=== STUDY MATERIAL ===

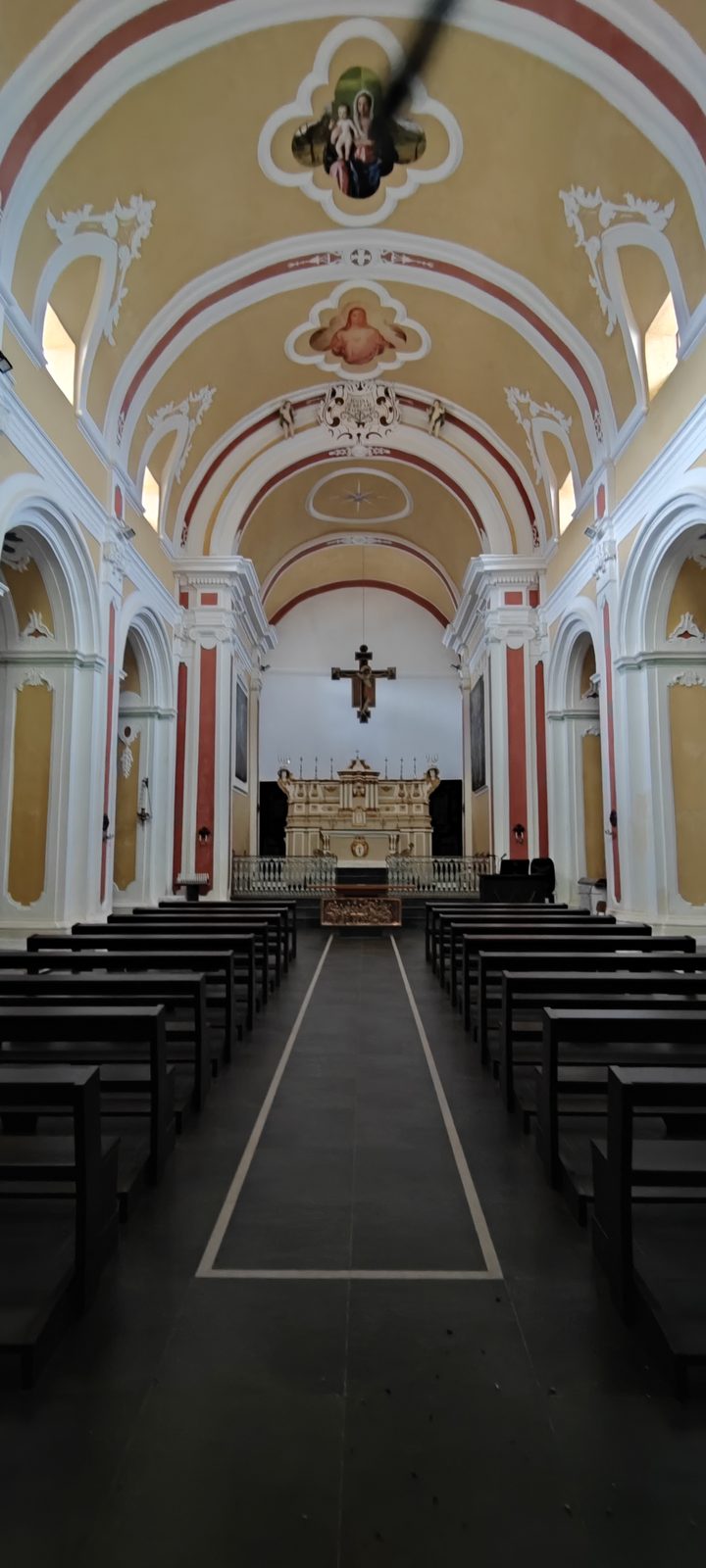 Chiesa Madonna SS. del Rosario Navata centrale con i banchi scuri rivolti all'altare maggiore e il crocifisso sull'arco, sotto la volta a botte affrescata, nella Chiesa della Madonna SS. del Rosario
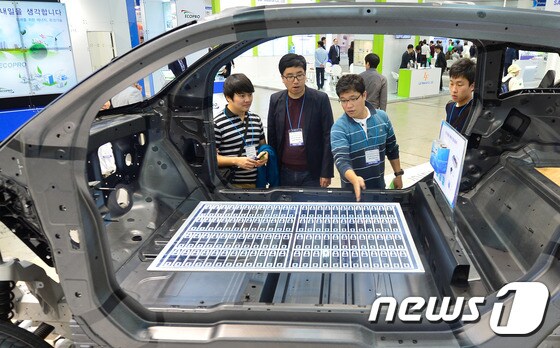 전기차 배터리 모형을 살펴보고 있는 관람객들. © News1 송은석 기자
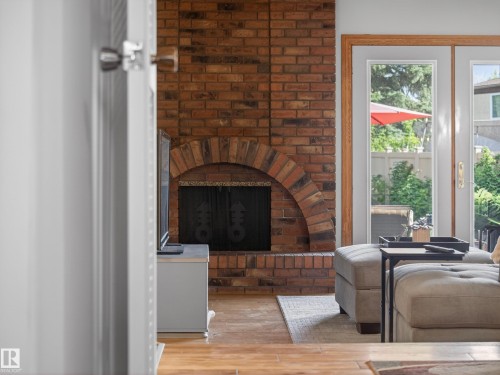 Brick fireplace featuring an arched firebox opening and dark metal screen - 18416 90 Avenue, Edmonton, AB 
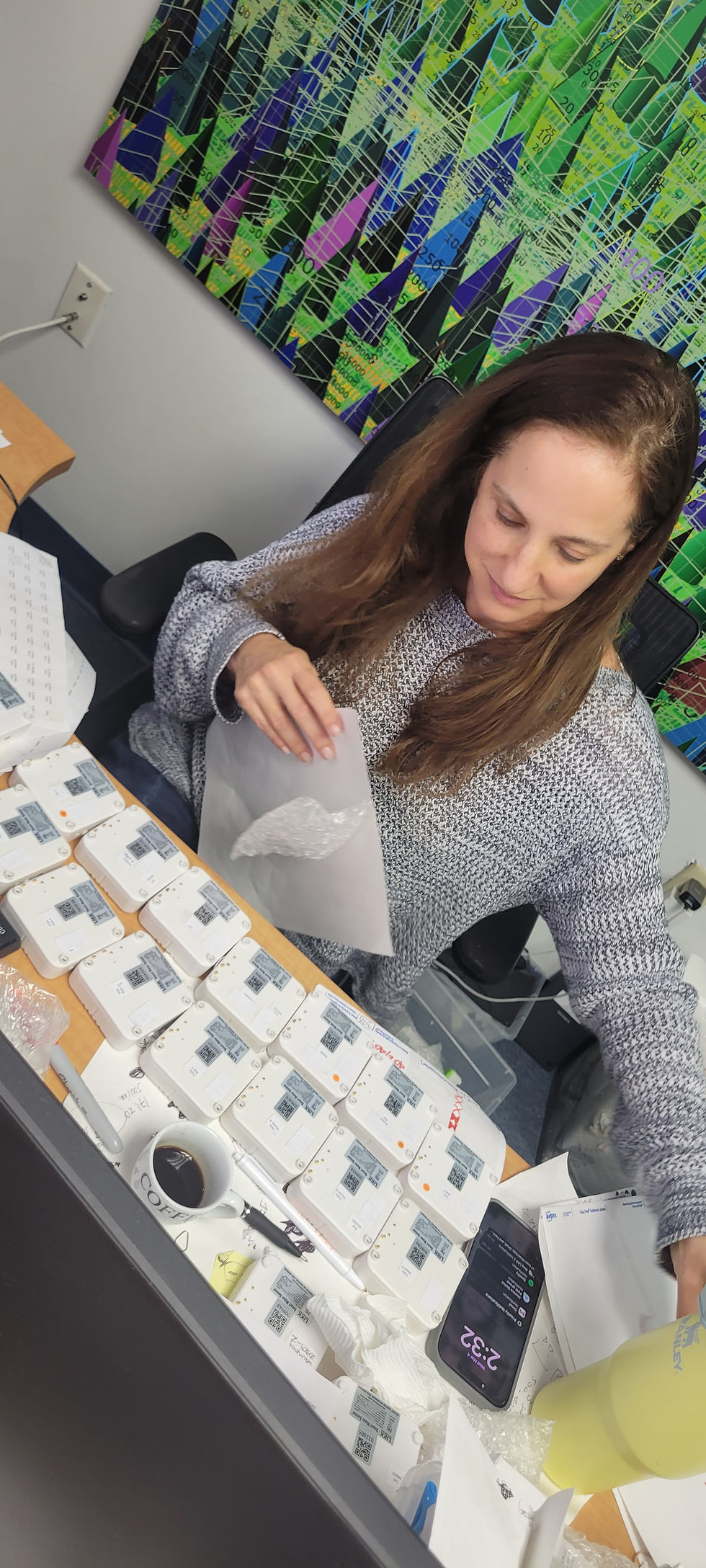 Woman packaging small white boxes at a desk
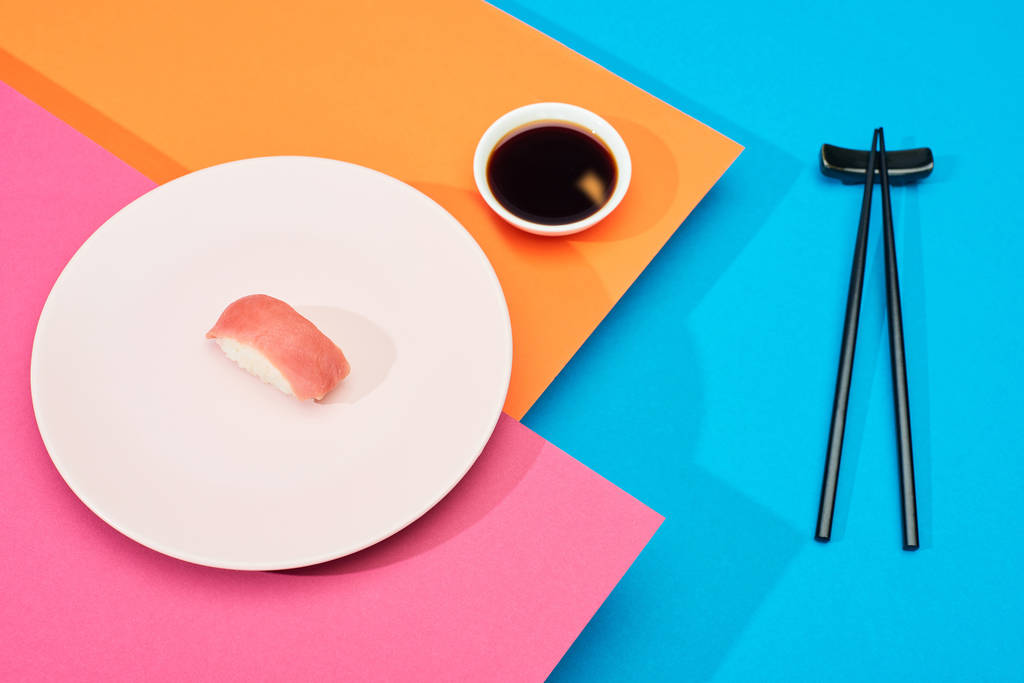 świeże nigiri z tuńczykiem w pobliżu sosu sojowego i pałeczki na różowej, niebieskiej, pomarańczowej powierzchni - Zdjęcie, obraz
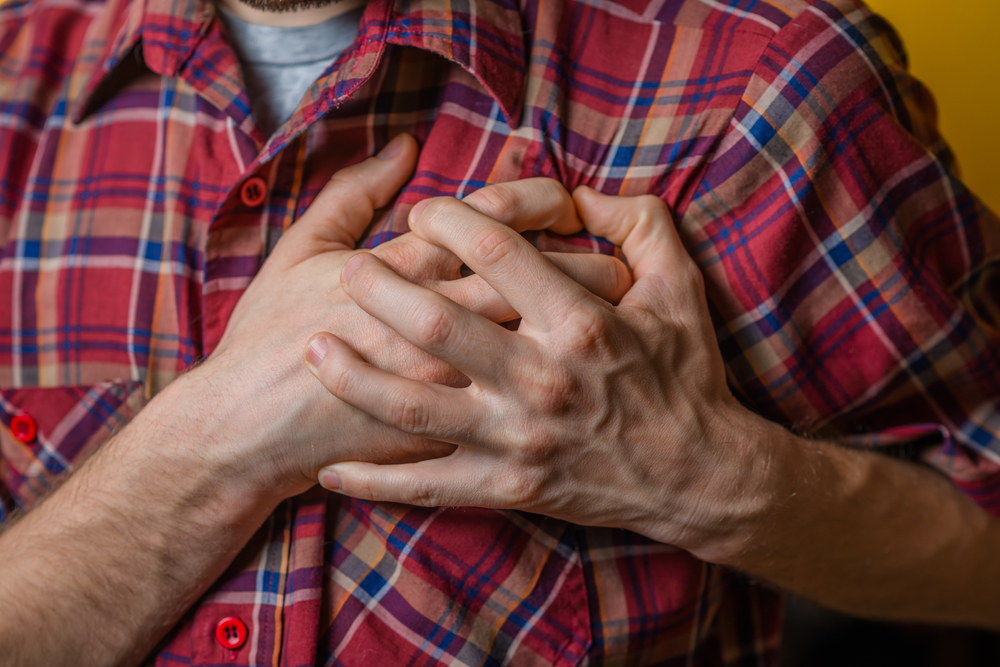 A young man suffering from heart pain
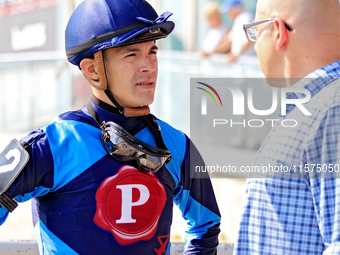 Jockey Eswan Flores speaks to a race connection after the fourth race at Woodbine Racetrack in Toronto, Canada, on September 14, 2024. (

===
=== STUDY MATERIAL ===

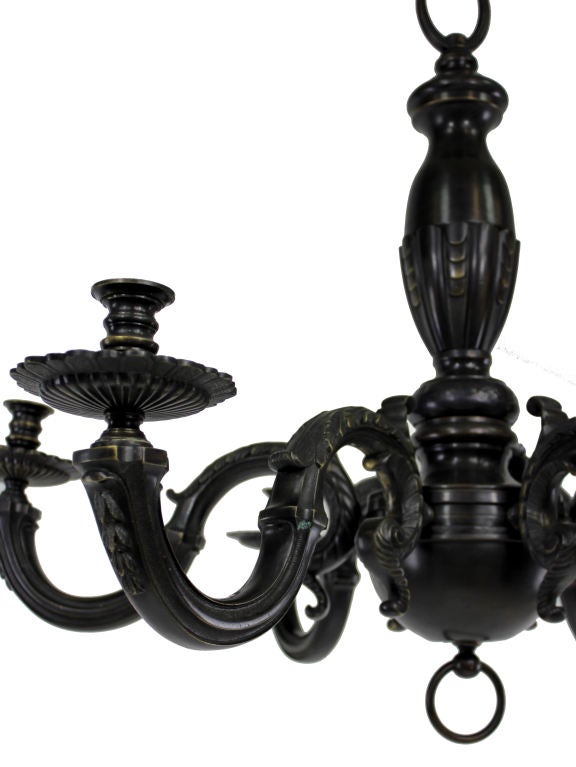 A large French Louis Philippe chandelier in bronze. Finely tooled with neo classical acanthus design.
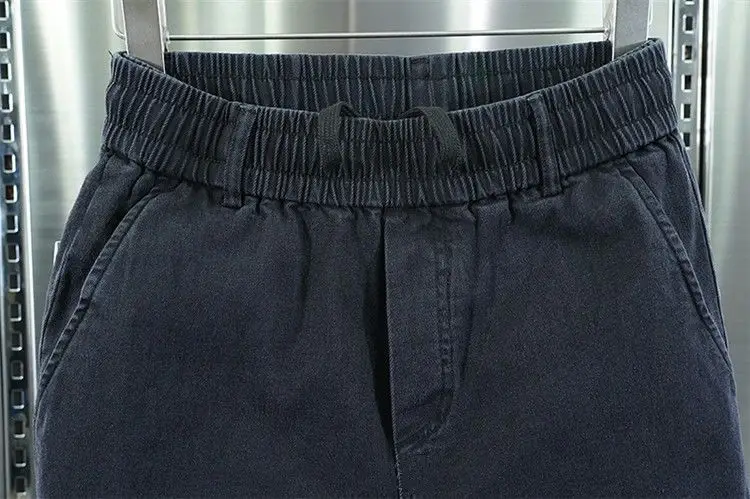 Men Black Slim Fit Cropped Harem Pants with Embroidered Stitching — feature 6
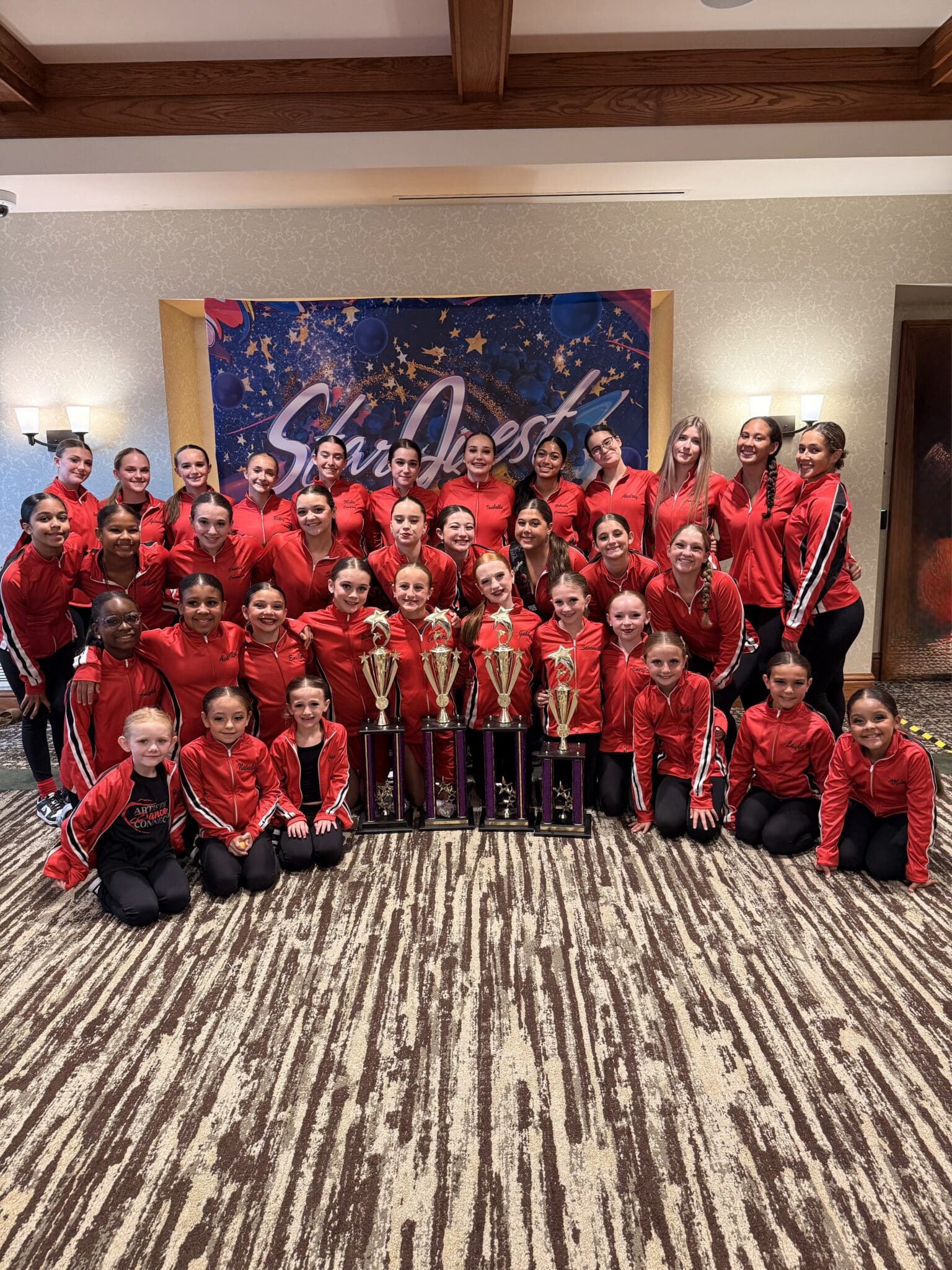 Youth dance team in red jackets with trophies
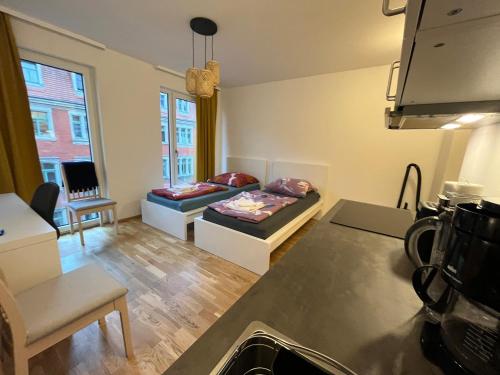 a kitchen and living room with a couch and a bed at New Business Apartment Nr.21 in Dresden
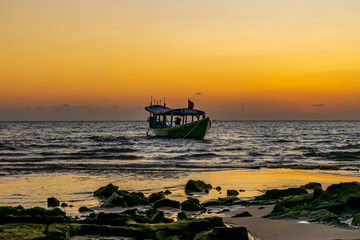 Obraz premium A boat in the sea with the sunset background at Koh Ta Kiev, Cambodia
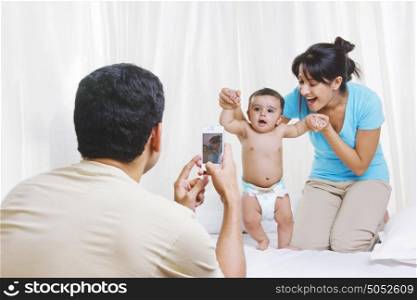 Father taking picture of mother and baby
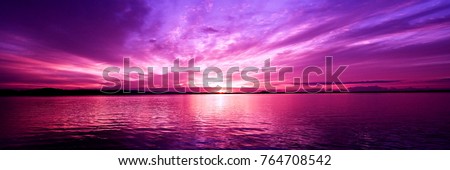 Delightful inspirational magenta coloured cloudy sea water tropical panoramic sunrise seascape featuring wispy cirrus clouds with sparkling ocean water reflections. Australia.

===
=== STUDY MATERIAL ===

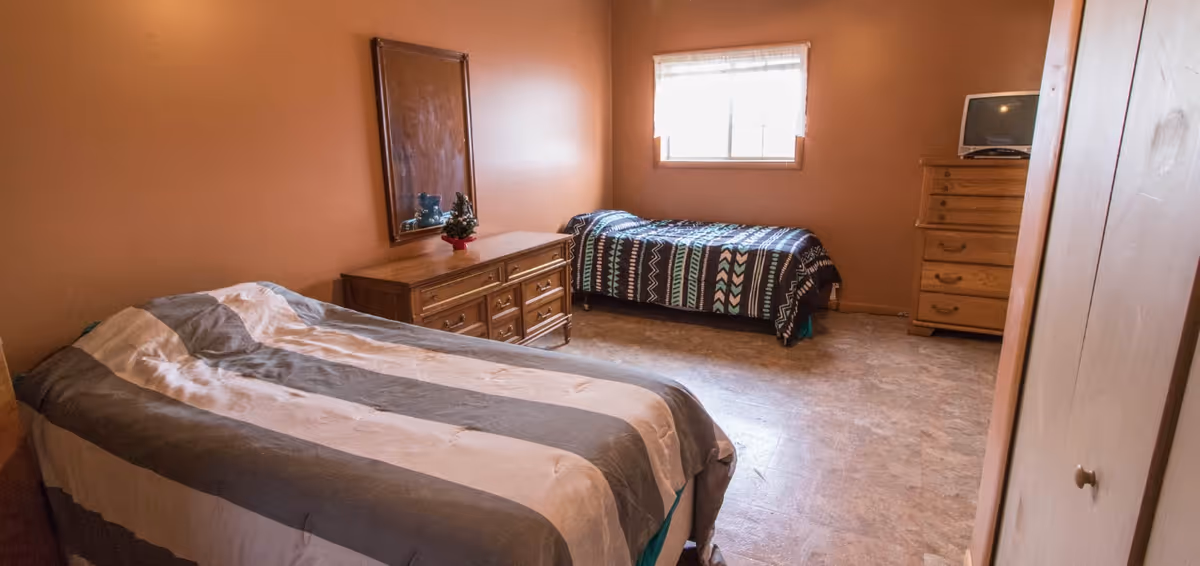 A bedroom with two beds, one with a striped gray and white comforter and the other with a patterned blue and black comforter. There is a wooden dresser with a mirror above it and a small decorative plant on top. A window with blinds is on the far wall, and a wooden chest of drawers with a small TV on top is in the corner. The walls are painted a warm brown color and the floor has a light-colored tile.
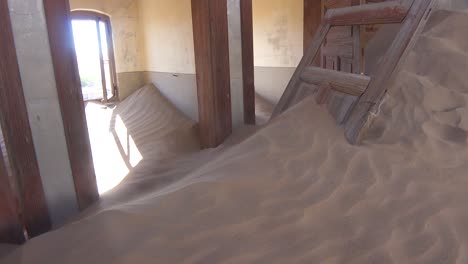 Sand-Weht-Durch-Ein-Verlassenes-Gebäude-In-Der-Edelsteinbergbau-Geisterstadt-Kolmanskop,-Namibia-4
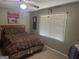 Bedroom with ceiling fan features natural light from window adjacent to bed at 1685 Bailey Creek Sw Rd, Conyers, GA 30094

===

## YOUR TASK
After locating the line containing "A young man suffering from heart pain" in the entries above, return it and every line after it exactly, ending at the line containing "Jockey Eswan Flores", without pictures.

## EXERCISE RESPONSE
 A young man suffering from heart pain
 Jockey Eswan Flores speaks to a race connection after the fourth race at Woodbine Racetrack in Toronto, Canada, on September 14, 2024. (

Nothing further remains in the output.